Record excerpts:
-=-=-=-=-
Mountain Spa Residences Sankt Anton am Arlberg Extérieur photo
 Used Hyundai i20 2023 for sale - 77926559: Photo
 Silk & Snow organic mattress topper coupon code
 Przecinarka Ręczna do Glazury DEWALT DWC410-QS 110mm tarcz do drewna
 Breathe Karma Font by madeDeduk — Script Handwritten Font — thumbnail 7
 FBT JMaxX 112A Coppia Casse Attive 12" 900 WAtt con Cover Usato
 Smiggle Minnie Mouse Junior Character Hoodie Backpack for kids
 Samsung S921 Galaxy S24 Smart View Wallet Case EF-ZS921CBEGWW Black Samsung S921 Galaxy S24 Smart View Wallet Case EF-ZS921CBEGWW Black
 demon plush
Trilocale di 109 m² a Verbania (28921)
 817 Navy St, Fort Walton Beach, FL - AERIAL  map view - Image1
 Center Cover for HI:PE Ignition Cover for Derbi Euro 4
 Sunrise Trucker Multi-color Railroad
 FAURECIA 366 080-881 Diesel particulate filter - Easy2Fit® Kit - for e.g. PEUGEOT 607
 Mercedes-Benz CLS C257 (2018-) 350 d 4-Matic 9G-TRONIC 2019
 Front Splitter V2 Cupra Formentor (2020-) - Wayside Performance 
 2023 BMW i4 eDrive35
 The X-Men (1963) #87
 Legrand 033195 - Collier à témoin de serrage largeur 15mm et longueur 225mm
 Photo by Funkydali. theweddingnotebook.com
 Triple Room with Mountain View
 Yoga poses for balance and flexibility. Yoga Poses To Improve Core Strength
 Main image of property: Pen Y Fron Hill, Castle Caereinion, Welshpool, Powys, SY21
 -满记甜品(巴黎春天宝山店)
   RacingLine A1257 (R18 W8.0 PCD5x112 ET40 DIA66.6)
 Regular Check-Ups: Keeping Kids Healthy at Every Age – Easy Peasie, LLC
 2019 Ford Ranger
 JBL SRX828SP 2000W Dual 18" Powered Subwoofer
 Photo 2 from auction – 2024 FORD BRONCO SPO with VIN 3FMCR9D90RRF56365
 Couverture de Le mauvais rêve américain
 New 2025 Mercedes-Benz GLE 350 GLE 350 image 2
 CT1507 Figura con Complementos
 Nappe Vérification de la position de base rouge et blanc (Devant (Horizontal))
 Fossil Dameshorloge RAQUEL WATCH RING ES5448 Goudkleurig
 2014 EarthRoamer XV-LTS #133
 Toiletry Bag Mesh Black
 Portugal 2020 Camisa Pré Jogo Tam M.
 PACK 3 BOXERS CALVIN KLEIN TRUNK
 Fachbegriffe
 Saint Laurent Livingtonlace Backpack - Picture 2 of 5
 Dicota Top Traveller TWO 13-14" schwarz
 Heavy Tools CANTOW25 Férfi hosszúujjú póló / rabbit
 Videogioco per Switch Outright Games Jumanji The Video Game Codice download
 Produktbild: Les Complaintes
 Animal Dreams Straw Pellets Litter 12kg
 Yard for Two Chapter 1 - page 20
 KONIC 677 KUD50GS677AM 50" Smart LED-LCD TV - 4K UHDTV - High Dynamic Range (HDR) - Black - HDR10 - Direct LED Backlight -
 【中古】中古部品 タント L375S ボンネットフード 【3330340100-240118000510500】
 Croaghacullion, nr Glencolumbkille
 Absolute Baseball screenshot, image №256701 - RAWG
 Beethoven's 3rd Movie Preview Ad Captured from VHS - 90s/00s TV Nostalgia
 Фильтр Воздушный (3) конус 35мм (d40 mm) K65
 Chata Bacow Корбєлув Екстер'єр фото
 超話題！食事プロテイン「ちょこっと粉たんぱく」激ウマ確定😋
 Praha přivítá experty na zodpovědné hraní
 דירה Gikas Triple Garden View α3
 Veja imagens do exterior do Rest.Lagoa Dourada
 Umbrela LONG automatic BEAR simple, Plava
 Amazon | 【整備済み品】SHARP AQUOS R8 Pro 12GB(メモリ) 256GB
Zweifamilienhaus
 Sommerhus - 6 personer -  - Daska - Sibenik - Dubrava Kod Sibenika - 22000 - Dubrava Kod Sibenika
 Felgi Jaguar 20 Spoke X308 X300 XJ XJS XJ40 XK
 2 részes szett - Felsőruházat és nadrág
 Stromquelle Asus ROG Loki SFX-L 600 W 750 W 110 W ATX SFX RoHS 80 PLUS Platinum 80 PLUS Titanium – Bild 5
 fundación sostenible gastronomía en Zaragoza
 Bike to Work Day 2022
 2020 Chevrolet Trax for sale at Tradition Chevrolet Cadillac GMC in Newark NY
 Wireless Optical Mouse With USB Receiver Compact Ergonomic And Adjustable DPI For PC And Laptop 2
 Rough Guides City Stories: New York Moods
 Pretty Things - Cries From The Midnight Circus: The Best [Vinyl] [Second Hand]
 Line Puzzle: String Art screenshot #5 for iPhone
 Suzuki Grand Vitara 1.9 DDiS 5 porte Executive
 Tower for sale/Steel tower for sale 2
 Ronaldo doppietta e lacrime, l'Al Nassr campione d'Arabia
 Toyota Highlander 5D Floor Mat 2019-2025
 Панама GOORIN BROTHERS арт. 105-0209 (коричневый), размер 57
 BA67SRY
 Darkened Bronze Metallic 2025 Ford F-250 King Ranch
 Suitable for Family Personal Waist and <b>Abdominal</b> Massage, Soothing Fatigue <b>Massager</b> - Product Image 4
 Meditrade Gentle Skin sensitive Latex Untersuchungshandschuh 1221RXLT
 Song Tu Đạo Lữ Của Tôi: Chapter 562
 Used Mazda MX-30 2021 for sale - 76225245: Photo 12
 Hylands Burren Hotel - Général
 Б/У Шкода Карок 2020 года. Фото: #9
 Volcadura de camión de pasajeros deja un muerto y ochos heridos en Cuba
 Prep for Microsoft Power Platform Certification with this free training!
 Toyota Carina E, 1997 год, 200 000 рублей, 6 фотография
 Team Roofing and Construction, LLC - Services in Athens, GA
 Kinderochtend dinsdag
-=-=-=-=-
The task:
All of the data above should be reproduced word for word.

Solution below:
Mountain Spa Residences Sankt Anton am Arlberg Extérieur photo
 Used Hyundai i20 2023 for sale - 77926559: Photo
 Silk & Snow organic mattress topper coupon code
 Przecinarka Ręczna do Glazury DEWALT DWC410-QS 110mm tarcz do drewna
 Breathe Karma Font by madeDeduk — Script Handwritten Font — thumbnail 7
 FBT JMaxX 112A Coppia Casse Attive 12" 900 WAtt con Cover Usato
 Smiggle Minnie Mouse Junior Character Hoodie Backpack for kids
 Samsung S921 Galaxy S24 Smart View Wallet Case EF-ZS921CBEGWW Black Samsung S921 Galaxy S24 Smart View Wallet Case EF-ZS921CBEGWW Black
 demon plush
Trilocale di 109 m² a Verbania (28921)
 817 Navy St, Fort Walton Beach, FL - AERIAL  map view - Image1
 Center Cover for HI:PE Ignition Cover for Derbi Euro 4
 Sunrise Trucker Multi-color Railroad
 FAURECIA 366 080-881 Diesel particulate filter - Easy2Fit® Kit - for e.g. PEUGEOT 607
 Mercedes-Benz CLS C257 (2018-) 350 d 4-Matic 9G-TRONIC 2019
 Front Splitter V2 Cupra Formentor (2020-) - Wayside Performance 
 2023 BMW i4 eDrive35
 The X-Men (1963) #87
 Legrand 033195 - Collier à témoin de serrage largeur 15mm et longueur 225mm
 Photo by Funkydali. theweddingnotebook.com
 Triple Room with Mountain View
 Yoga poses for balance and flexibility. Yoga Poses To Improve Core Strength
 Main image of property: Pen Y Fron Hill, Castle Caereinion, Welshpool, Powys, SY21
 -满记甜品(巴黎春天宝山店)
   RacingLine A1257 (R18 W8.0 PCD5x112 ET40 DIA66.6)
 Regular Check-Ups: Keeping Kids Healthy at Every Age – Easy Peasie, LLC
 2019 Ford Ranger
 JBL SRX828SP 2000W Dual 18" Powered Subwoofer
 Photo 2 from auction – 2024 FORD BRONCO SPO with VIN 3FMCR9D90RRF56365
 Couverture de Le mauvais rêve américain
 New 2025 Mercedes-Benz GLE 350 GLE 350 image 2
 CT1507 Figura con Complementos
 Nappe Vérification de la position de base rouge et blanc (Devant (Horizontal))
 Fossil Dameshorloge RAQUEL WATCH RING ES5448 Goudkleurig
 2014 EarthRoamer XV-LTS #133
 Toiletry Bag Mesh Black
 Portugal 2020 Camisa Pré Jogo Tam M.
 PACK 3 BOXERS CALVIN KLEIN TRUNK
 Fachbegriffe
 Saint Laurent Livingtonlace Backpack - Picture 2 of 5
 Dicota Top Traveller TWO 13-14" schwarz
 Heavy Tools CANTOW25 Férfi hosszúujjú póló / rabbit
 Videogioco per Switch Outright Games Jumanji The Video Game Codice download
 Produktbild: Les Complaintes
 Animal Dreams Straw Pellets Litter 12kg
 Yard for Two Chapter 1 - page 20
 KONIC 677 KUD50GS677AM 50" Smart LED-LCD TV - 4K UHDTV - High Dynamic Range (HDR) - Black - HDR10 - Direct LED Backlight -
 【中古】中古部品 タント L375S ボンネットフード 【3330340100-240118000510500】
 Croaghacullion, nr Glencolumbkille
 Absolute Baseball screenshot, image №256701 - RAWG
 Beethoven's 3rd Movie Preview Ad Captured from VHS - 90s/00s TV Nostalgia
 Фильтр Воздушный (3) конус 35мм (d40 mm) K65
 Chata Bacow Корбєлув Екстер'єр фото
 超話題！食事プロテイン「ちょこっと粉たんぱく」激ウマ確定😋
 Praha přivítá experty na zodpovědné hraní
 דירה Gikas Triple Garden View α3
 Veja imagens do exterior do Rest.Lagoa Dourada
 Umbrela LONG automatic BEAR simple, Plava
 Amazon | 【整備済み品】SHARP AQUOS R8 Pro 12GB(メモリ) 256GB
Zweifamilienhaus
 Sommerhus - 6 personer -  - Daska - Sibenik - Dubrava Kod Sibenika - 22000 - Dubrava Kod Sibenika
 Felgi Jaguar 20 Spoke X308 X300 XJ XJS XJ40 XK
 2 részes szett - Felsőruházat és nadrág
 Stromquelle Asus ROG Loki SFX-L 600 W 750 W 110 W ATX SFX RoHS 80 PLUS Platinum 80 PLUS Titanium – Bild 5
 fundación sostenible gastronomía en Zaragoza
 Bike to Work Day 2022
 2020 Chevrolet Trax for sale at Tradition Chevrolet Cadillac GMC in Newark NY
 Wireless Optical Mouse With USB Receiver Compact Ergonomic And Adjustable DPI For PC And Laptop 2
 Rough Guides City Stories: New York Moods
 Pretty Things - Cries From The Midnight Circus: The Best [Vinyl] [Second Hand]
 Line Puzzle: String Art screenshot #5 for iPhone
 Suzuki Grand Vitara 1.9 DDiS 5 porte Executive
 Tower for sale/Steel tower for sale 2
 Ronaldo doppietta e lacrime, l'Al Nassr campione d'Arabia
 Toyota Highlander 5D Floor Mat 2019-2025
 Панама GOORIN BROTHERS арт. 105-0209 (коричневый), размер 57
 BA67SRY
 Darkened Bronze Metallic 2025 Ford F-250 King Ranch
 Suitable for Family Personal Waist and <b>Abdominal</b> Massage, Soothing Fatigue <b>Massager</b> - Product Image 4
 Meditrade Gentle Skin sensitive Latex Untersuchungshandschuh 1221RXLT
 Song Tu Đạo Lữ Của Tôi: Chapter 562
 Used Mazda MX-30 2021 for sale - 76225245: Photo 12
 Hylands Burren Hotel - Général
 Б/У Шкода Карок 2020 года. Фото: #9
 Volcadura de camión de pasajeros deja un muerto y ochos heridos en Cuba
 Prep for Microsoft Power Platform Certification with this free training!
 Toyota Carina E, 1997 год, 200 000 рублей, 6 фотография
 Team Roofing and Construction, LLC - Services in Athens, GA
 Kinderochtend dinsdag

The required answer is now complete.